Repeat only what runs from the line with "Крыло LADA kalina 2" through the last line of the data below, both included, keeping every word as it is and leaving out the pictures.

**** INFORMATION SHOWN ****

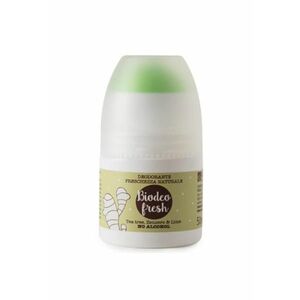 Deodorant organic Biodeo Fresh La Saponaria - 50 ml imagine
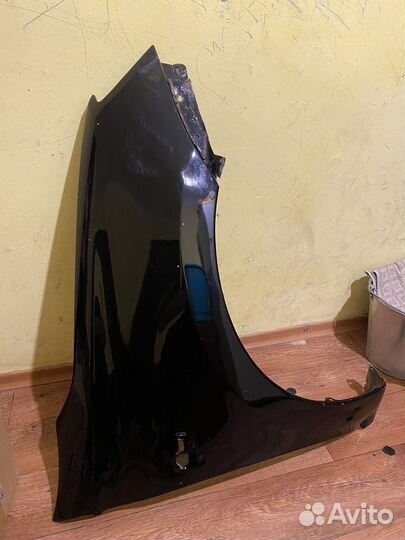 Крыло LADA kalina 2
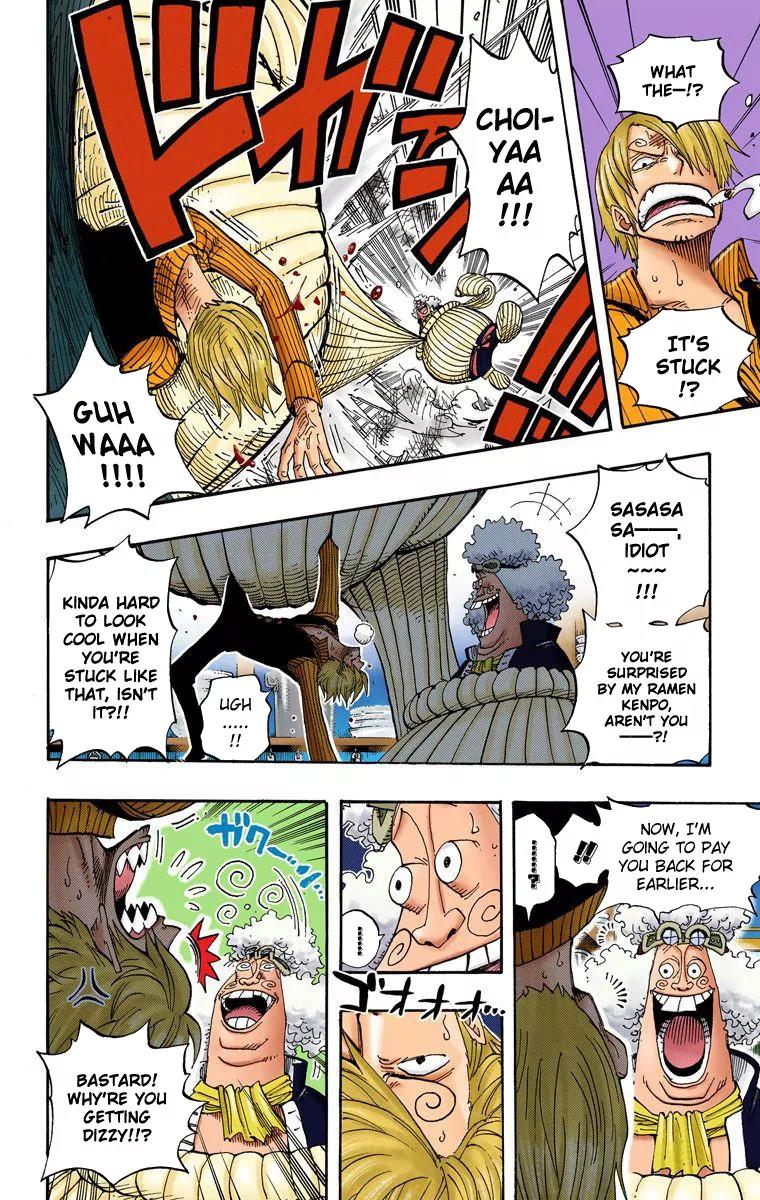 One Piece Chapter 370 - Page 9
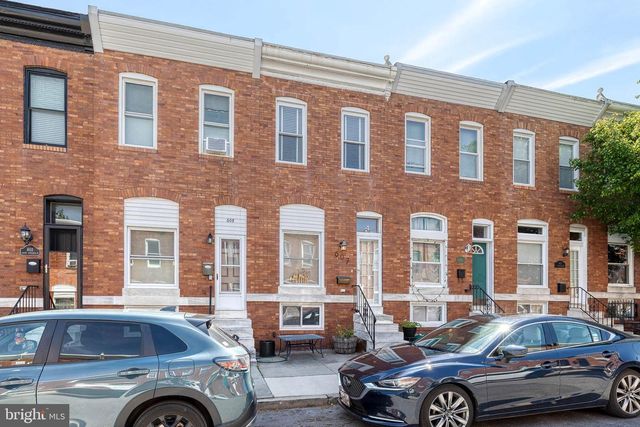 607 S STREEPER ST, Baltimore, MD 21224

****

» ANSWER TO THIS EXERCISE:
 Крыло LADA kalina 2
 One Piece Chapter 370 - Page 9
 607 S STREEPER ST, Baltimore, MD 21224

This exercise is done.